We all see things a little differently. Wouldn’t it be boring if we didn’t!
I read a blog this morning from Head In Books. She describes the pernicious effect of music and TV on the young minds of children, who learn the words for things before they even know about the things themselves.
But she also writes about the cultural impact of Disney using Beauty And The Beast as her example…
Beauty and the Beast? I’d like it more if it was a prince who had to demonstrate how he learned to value inner beauty by marrying some hideously mutlitated crone who was rendered back to gorgeousness by his true love’s kiss.
This got me thinking about perspectives. I know Beauty And The Beast is about a girl learning that beauty is only skin deep and it’s character that truly matters, but I never really watched it that way. (or read it, of course, long before Disney got it’s glossy hands on it.)
I always saw it as a man who had been a bit of a bastard, realising the mistakes he’d made and, by caring for a girl, loving her he ultimately finds redemption in having that love returned, despite the ugliness of his past.

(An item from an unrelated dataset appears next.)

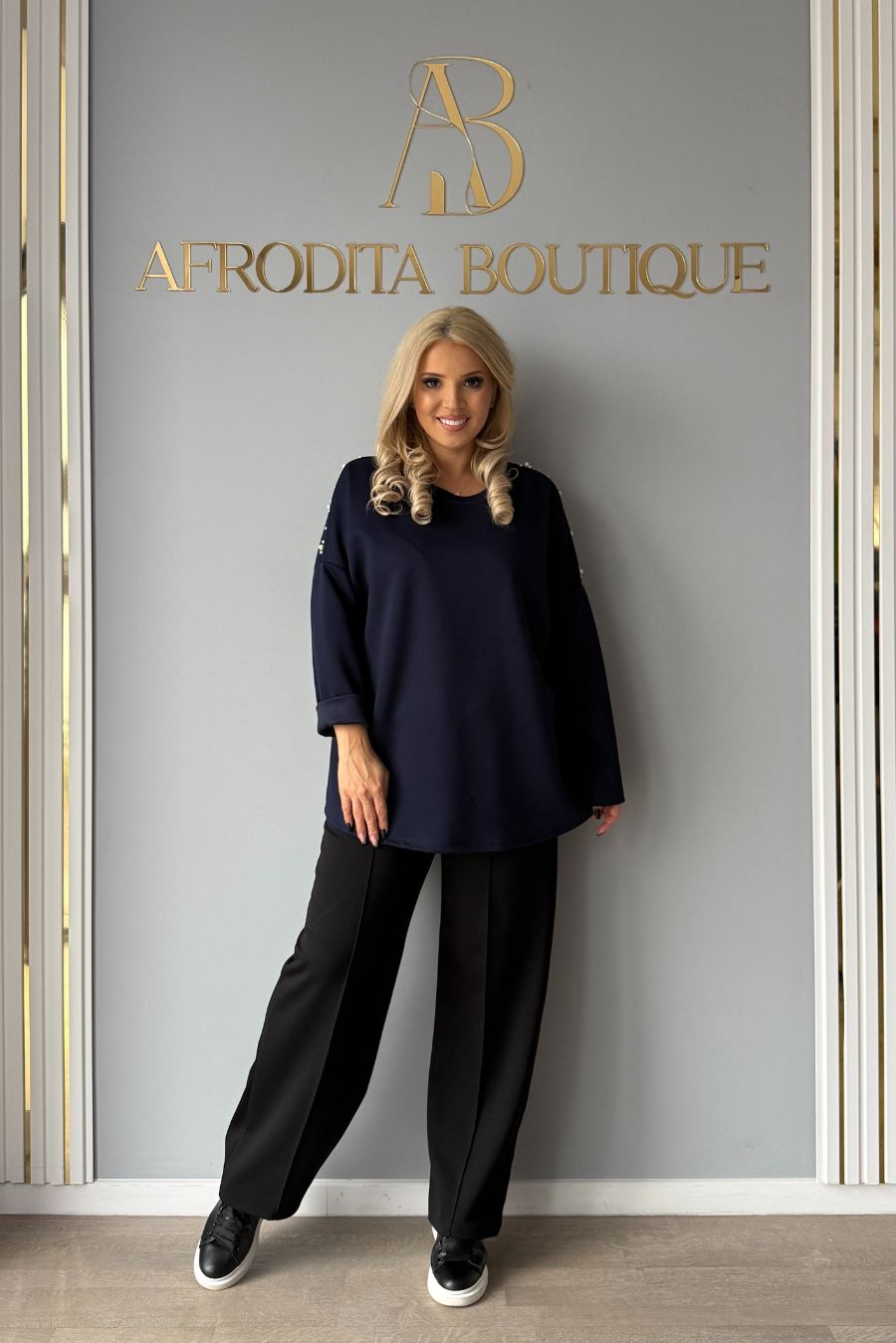 Bluza Cosmina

I think that’s a hugely positive message for boys. You can always change, you can always be better, and that it only takes the heart of one girl to change your life.
I’m much better person than I used to be. I’m not perfect, I’m still working on that, but each day there are lessons that I can apply, that help me improve. And that it doesn’t matter if I messed up before, so long as I learn those lessons and don’t mess up again.
I did a thing as a teenager that I still cringe inside when I think about. I hate that I did it. I’ll never do it again. Only once in the last 30 years has anyone mentioned it, partly because I learned (and partly because to anyone else it was trivial – no one got hurt, it wasn’t “bad”, just cringey).
It’s only from my perspective that what I did was bad. Just as I have a minority perspective on the lessons from Beauty And The Beast. That’s one of the lessons, though. We see things differently, and it’s important to know how.
But I’m a better person for the lessons of my life. Parts of the beast have been slain. Some parts of the beast remain, but they work for me now.